Conoscere la presenza di questi anticorpi è utile per molte ragioni. Innanzitutto, poiché forniscono il “film“della malattia e non un’istantanea, ci consentono di sapere quante persone hanno realmente incontrato il virus. Ciò è importante soprattutto alla luce del fatto che molte persone con Covid-19 hanno avuto sintomi blandi o addiruttura sono asintomatiche.

Ciò accade grazie agli studi di sieroprevalenza, ovvero studi in cui si sottopone al test un campione rappresentativo della popolazione. Grazie a queste analisi è possibile conoscere la reale letalità della malattia, la diffusione geografica e la diffusione nelle diverse fasce di età. Indicazioni utili per pianificare quando, come e quanto allentare le misure restrittive.

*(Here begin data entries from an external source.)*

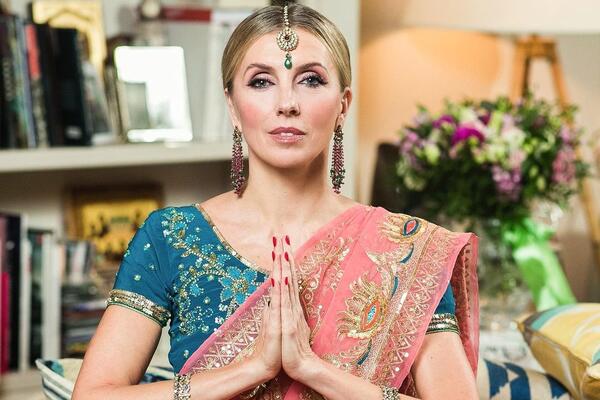 Светлана Бондарчук отметила день рождения с перьями на голове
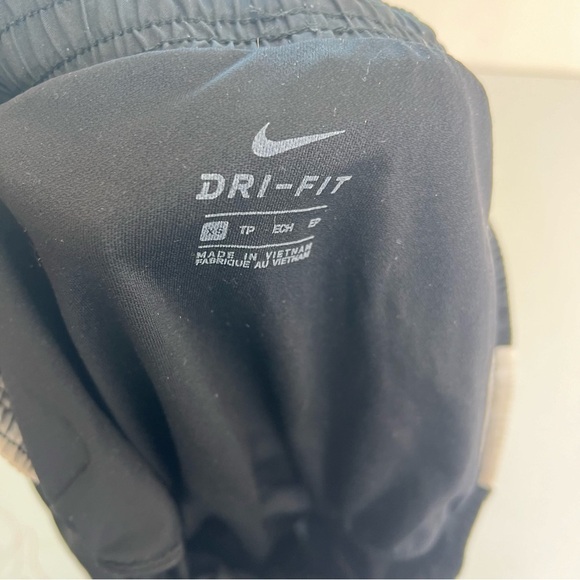5/$25 Nike running shorts XS - Picture 3 of 3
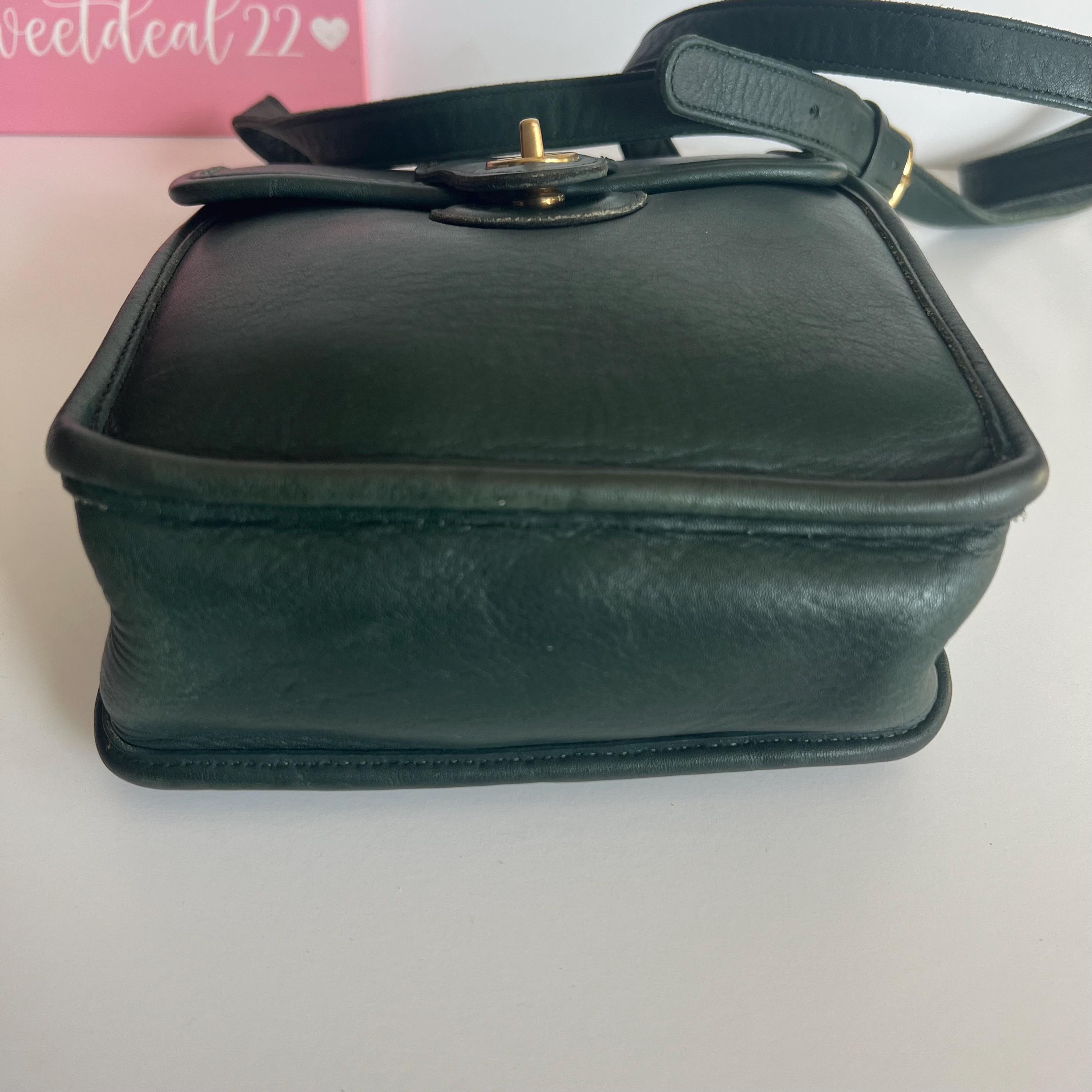 バッグ coach leather shoulder green vintage Authentic Coach shoulder bag leather vintage old small green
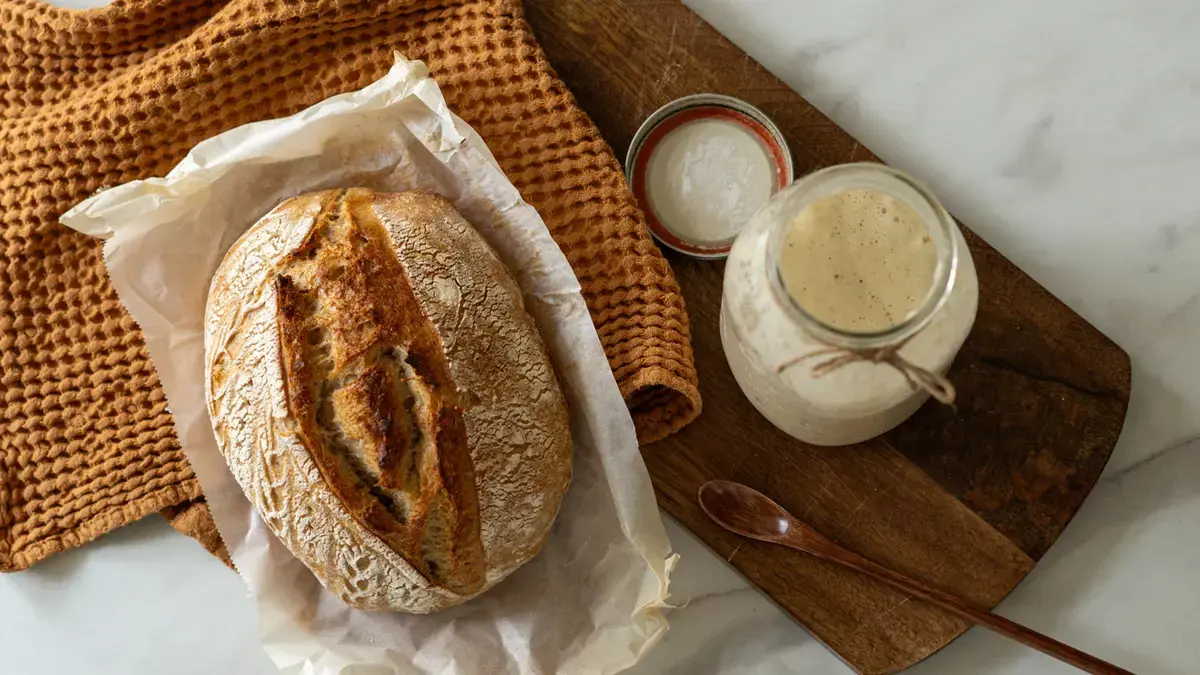 Sourdough Starter vs Discard: What's the Difference?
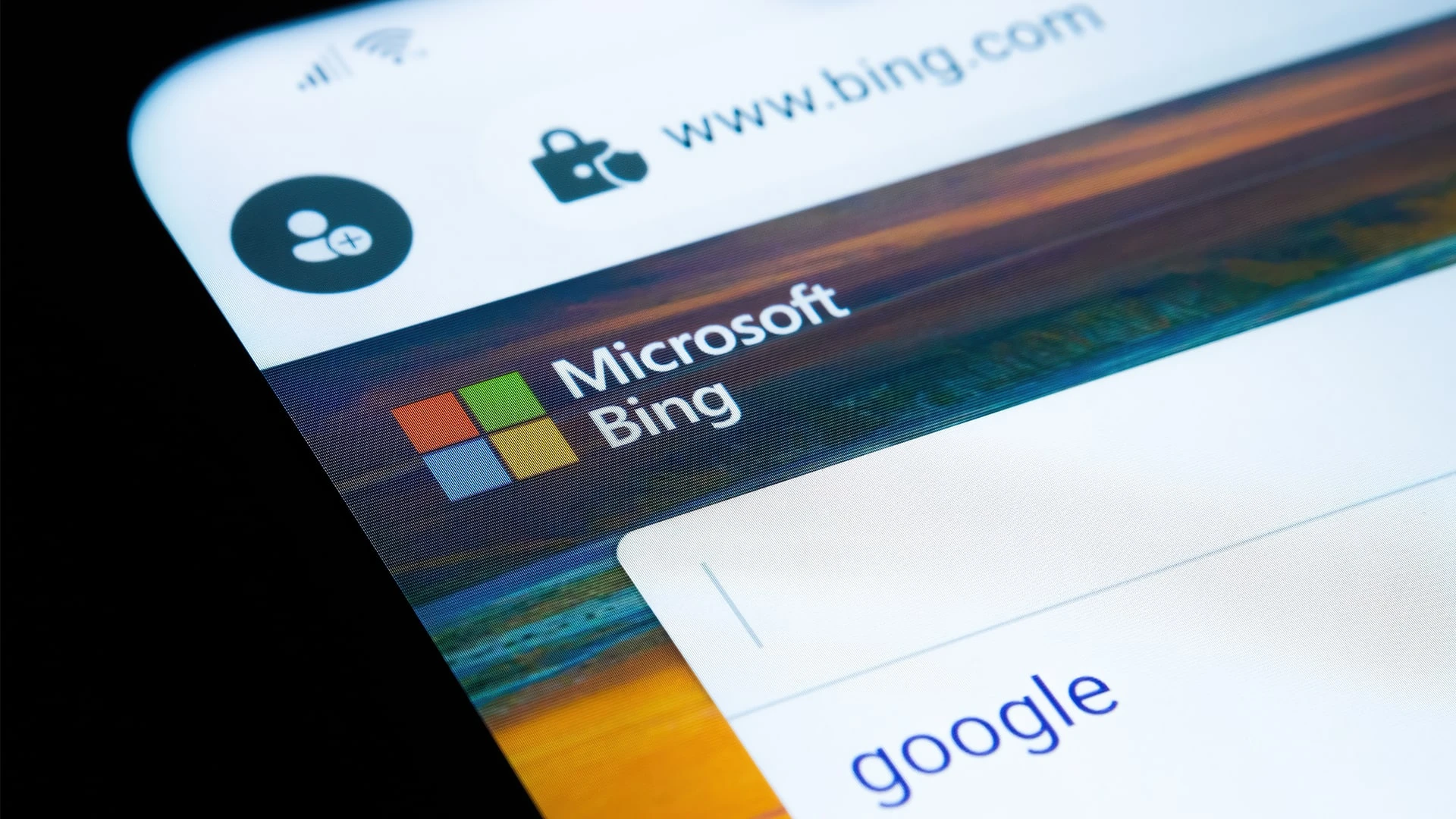 Microsoft с его поисковиком Bing – самый явный бенефициар поражения Google в антимонопольном деле / Фото: Shutterstock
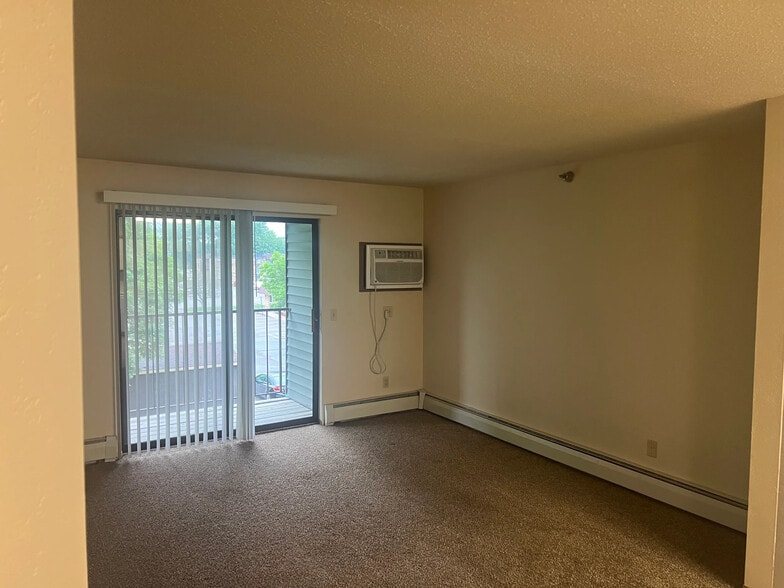 160 Homestead Rd, Mankato, MN for sale - Interior Photo - Image 3 of 12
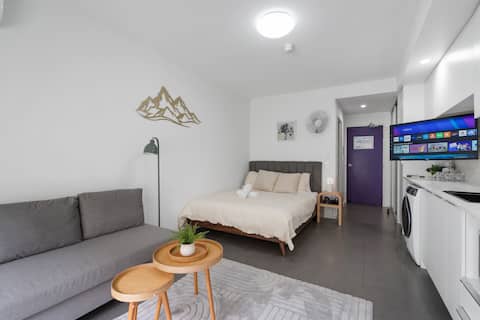 Studio︱Cozy Balcony︱4 mins to Bankstown Central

IL NODO DELL’AFFIDABILITA’

Attenzione però a pensare che tutti i test sierologici siano uguali. Ciò che conta, in ottica delle prossime fasi di gestione della pandemia, è l’affidabilità di questi esami. Test con molti falsi positivi rischierebbero di dare il via libera a persone che in realtà non hanno mai contratto il virus. Non solo, si rischierebbe una fotografia della circolazione del virus poco aderente alla realtà. E’ per questa ragione che già ora si stanno valutando tanti test sierologici confrontando il dato ottenuto dal tampone positivo. Solo con un test altamente affidabile potremo estendere l’utilizzo di queste analisi nell’ottica di un allentamento delle misure.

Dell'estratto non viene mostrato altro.